# How to make the transition from hallway to bedroom.



## Dudester60 (Jul 26, 2011)

Hi
I'm planning to install some ¾"x 3½" maple hardwood in my main floor hallway and 3 adjoining bedrooms. I want use the same hardwood in all the rooms, and keep the flow of the hardwood the same in all rooms as well. My question is this. Should I start from one of the bedrooms, working my way to the hallway (all 3 bedrooms join the hallway) or should I start from the hallway, and work my way into room # 1, then down the hallway again, to room #2 and so forth.
I'm also a bit confused on how to keep it all in line so that the 4 rooms will marry up at the threshold of each doorway. I would prefer not being forced to use a T joint at the entrance of every room, but rather, just continue the hardwood from the hallway into each room. Being tongue and groove hardwood, it means I can only nail or staple on one side. So if I enter a room from the hallway, this would bring me to almost the center of one of the rooms, which is the room that is worrying me the most. The other two there is a wall close to the doorways, so that simpifies things.
If you need pictures to help you understand, I'll be glad to post.
Thanks in advance for your help. :thumbsup:


----------



## oh'mike (Sep 18, 2009)

You need 'splines'----These are wood strips that tuck into the groove and make it a tongue--
thus allowing you to reverse directions.

do the hall first-then into the rooms--


----------



## Dudester60 (Jul 26, 2011)

oh'mike said:


> You need 'splines'----These are wood strips that tuck into the groove and make it a tongue--
> thus allowing you to reverse directions.
> 
> do the hall first-then into the rooms--


Thanks for your advice. Where do I find these 'splines' ?? Even if I were to reverse the direction of nailing, when I spread the new hardwood "through" the threshold area into the room, I will still have floor boards that are going the opposite direction from the hallway, so that doesn't make sense to me.


----------



## oh'mike (Sep 18, 2009)

Splines are sold by the hardwood floor supplier---I've even seen them in Menards.

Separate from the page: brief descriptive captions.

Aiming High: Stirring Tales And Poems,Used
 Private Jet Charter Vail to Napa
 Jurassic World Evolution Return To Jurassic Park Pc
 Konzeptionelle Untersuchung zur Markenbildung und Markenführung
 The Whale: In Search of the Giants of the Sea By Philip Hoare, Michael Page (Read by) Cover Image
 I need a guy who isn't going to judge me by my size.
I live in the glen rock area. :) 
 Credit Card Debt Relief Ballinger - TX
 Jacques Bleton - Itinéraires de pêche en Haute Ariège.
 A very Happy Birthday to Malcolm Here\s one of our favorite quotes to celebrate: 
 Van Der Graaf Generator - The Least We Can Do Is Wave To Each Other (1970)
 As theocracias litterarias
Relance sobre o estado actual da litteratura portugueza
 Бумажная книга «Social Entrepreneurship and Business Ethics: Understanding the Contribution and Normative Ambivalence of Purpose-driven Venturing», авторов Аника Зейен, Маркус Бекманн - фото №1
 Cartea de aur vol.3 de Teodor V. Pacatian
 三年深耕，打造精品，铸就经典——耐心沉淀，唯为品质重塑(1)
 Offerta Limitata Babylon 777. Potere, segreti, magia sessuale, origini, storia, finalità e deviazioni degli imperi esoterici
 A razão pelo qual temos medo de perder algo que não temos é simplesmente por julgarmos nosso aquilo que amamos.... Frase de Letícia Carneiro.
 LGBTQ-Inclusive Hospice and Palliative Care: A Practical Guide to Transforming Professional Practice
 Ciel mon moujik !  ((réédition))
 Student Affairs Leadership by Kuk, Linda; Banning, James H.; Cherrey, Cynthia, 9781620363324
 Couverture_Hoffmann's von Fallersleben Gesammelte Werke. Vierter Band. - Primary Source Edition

Post a picture of your layout----If you do the common areas first(hallway) and then change directions as you enter the rooms that branch off the hall --you should be fine-

Need a layout----Mike----


----------



## Dudester60 (Jul 26, 2011)

Ok, here are a couple of pictures of the hallway, and the 3 bedrooms that will all have the same hardwood, once I rip off the floor in the pictures.
As you can see, at each threshold, I do not want a T-joint or reducer, because it will all be the same hardwood, flowing from the hallway into each room. So I'm not getting this "spline" thing you mention. I mean, at what point do you add the spline, if I am to enter a bedroom on a jaggered pattern through the threshold of each door. How can I reverse the patter midway with the groove going one way ?? Can't figure out what I'm missing here.
If I go through a threshold in the direction of the white arrow into a bedroom, that puts me about 5 feet from the closest wall in that room. I can only nail in one direction, splice or not, so do I start from the wall in the bedroom once I'm in there and join the exisiting that is coming through the threshold (in another direction?). If so, how can I be sure I'll line up with the hardwood coming through the threshold ?? Sorry for being so darn stupid about this, but I'm sure once I understand it, I'll remember it for life.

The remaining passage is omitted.